Extracted records ▸
↓

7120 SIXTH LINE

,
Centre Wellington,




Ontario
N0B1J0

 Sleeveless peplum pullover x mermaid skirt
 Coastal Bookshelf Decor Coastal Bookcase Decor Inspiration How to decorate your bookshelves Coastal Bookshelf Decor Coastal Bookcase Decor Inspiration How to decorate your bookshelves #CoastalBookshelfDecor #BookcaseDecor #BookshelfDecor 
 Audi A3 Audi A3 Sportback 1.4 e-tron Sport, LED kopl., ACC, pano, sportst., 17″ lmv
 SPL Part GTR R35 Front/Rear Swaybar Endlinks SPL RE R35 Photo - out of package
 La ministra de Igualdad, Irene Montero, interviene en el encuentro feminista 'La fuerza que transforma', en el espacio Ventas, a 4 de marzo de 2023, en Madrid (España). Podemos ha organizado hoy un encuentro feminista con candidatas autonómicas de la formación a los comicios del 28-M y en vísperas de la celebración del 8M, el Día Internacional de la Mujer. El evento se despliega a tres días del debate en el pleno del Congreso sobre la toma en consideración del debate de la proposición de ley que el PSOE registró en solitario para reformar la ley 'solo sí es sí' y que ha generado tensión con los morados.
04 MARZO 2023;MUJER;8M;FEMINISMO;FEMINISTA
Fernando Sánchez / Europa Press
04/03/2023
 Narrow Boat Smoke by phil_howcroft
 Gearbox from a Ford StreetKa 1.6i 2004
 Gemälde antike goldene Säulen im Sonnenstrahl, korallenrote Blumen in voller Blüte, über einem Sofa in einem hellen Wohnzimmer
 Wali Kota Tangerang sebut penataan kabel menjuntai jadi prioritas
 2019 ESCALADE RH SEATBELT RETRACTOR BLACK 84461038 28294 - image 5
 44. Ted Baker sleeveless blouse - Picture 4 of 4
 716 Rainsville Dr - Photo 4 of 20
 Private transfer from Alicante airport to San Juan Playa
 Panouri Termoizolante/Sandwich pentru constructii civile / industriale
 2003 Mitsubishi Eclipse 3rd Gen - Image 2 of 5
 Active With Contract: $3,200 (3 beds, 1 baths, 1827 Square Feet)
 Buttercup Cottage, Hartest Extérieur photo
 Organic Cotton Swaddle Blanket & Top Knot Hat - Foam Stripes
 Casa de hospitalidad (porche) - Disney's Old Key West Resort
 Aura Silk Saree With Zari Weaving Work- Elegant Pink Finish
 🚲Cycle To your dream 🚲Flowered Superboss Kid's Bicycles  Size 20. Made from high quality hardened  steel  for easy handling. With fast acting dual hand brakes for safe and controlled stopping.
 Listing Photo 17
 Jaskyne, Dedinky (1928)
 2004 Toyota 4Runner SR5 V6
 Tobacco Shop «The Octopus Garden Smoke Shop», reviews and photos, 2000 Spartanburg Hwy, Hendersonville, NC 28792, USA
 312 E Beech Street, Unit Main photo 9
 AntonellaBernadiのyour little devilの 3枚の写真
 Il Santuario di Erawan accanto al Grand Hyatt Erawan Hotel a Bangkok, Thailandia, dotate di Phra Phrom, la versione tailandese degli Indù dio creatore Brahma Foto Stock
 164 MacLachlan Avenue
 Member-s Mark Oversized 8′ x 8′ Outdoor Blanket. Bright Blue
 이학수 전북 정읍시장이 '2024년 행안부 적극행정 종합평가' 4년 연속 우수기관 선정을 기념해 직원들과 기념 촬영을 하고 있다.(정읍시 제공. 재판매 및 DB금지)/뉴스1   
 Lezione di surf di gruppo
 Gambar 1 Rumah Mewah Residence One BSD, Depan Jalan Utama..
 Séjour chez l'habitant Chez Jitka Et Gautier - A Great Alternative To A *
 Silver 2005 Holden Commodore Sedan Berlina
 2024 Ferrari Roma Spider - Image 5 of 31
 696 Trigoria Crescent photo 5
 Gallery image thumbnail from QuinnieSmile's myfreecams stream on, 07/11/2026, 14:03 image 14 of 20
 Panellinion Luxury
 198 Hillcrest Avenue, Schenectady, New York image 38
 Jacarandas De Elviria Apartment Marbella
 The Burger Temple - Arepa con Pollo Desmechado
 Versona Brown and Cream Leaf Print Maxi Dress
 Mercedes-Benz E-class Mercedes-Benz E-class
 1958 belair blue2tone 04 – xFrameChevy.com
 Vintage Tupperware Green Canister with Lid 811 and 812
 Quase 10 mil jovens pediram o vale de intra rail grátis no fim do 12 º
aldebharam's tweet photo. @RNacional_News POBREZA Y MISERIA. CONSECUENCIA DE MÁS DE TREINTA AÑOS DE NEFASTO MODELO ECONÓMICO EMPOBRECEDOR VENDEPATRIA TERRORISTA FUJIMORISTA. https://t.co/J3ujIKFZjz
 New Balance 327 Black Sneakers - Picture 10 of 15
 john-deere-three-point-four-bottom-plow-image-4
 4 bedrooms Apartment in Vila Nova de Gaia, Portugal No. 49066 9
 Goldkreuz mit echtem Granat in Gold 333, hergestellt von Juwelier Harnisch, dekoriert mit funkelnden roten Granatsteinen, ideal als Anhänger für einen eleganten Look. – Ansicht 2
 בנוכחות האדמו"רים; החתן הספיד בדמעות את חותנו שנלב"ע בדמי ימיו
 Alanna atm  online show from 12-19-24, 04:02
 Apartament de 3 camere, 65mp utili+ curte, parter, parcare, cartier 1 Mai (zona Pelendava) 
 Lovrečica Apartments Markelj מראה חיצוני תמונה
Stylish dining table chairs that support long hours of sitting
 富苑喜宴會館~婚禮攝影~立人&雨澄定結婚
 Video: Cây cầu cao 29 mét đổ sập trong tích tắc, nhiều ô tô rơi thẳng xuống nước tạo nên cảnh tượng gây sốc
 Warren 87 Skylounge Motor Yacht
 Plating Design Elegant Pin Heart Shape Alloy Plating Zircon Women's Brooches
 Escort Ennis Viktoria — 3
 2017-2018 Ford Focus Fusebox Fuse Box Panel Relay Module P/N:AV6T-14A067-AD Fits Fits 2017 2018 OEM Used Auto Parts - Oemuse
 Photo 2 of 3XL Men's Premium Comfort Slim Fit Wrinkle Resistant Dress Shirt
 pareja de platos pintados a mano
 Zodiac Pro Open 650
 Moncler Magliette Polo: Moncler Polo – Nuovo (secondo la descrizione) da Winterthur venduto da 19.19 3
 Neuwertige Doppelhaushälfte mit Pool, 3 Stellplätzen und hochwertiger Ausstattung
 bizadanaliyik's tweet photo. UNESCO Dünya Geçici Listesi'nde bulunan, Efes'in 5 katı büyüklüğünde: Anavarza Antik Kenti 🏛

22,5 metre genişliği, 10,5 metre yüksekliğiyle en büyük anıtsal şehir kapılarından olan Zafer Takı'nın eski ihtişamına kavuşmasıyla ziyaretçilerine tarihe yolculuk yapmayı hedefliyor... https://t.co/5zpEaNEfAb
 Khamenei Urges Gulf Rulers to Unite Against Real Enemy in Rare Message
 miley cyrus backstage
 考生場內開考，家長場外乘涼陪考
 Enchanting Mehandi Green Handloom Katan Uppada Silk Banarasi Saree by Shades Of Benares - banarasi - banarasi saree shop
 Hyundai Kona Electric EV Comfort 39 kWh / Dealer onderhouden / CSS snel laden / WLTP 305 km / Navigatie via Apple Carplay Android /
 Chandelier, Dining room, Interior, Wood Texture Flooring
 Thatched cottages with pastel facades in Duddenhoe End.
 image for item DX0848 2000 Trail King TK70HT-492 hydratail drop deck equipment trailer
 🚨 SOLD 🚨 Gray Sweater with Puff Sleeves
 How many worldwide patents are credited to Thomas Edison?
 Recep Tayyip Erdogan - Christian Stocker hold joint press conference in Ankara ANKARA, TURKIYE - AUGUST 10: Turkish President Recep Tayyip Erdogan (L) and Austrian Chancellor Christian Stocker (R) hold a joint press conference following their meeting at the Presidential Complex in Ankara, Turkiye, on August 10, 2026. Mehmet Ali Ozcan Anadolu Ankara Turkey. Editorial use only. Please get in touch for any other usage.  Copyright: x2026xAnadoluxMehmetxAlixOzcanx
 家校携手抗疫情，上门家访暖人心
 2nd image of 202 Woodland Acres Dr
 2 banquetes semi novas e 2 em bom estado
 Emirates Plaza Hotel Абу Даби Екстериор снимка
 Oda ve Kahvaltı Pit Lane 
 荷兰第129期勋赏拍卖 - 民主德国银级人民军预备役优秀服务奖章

↑

Copy the lines of the data above exactly as written, beginning with the line containing "164 MacLachlan Avenue" and ending with the line containing "1958 belair blue2tone 04 – xFrameChevy.com", and leave out all other lines.

Exercise result ▸
 164 MacLachlan Avenue
 Member-s Mark Oversized 8′ x 8′ Outdoor Blanket. Bright Blue
 이학수 전북 정읍시장이 '2024년 행안부 적극행정 종합평가' 4년 연속 우수기관 선정을 기념해 직원들과 기념 촬영을 하고 있다.(정읍시 제공. 재판매 및 DB금지)/뉴스1   
 Lezione di surf di gruppo
 Gambar 1 Rumah Mewah Residence One BSD, Depan Jalan Utama..
 Séjour chez l'habitant Chez Jitka Et Gautier - A Great Alternative To A *
 Silver 2005 Holden Commodore Sedan Berlina
 2024 Ferrari Roma Spider - Image 5 of 31
 696 Trigoria Crescent photo 5
 Gallery image thumbnail from QuinnieSmile's myfreecams stream on, 07/11/2026, 14:03 image 14 of 20
 Panellinion Luxury
 198 Hillcrest Avenue, Schenectady, New York image 38
 Jacarandas De Elviria Apartment Marbella
 The Burger Temple - Arepa con Pollo Desmechado
 Versona Brown and Cream Leaf Print Maxi Dress
 Mercedes-Benz E-class Mercedes-Benz E-class
 1958 belair blue2tone 04 – xFrameChevy.com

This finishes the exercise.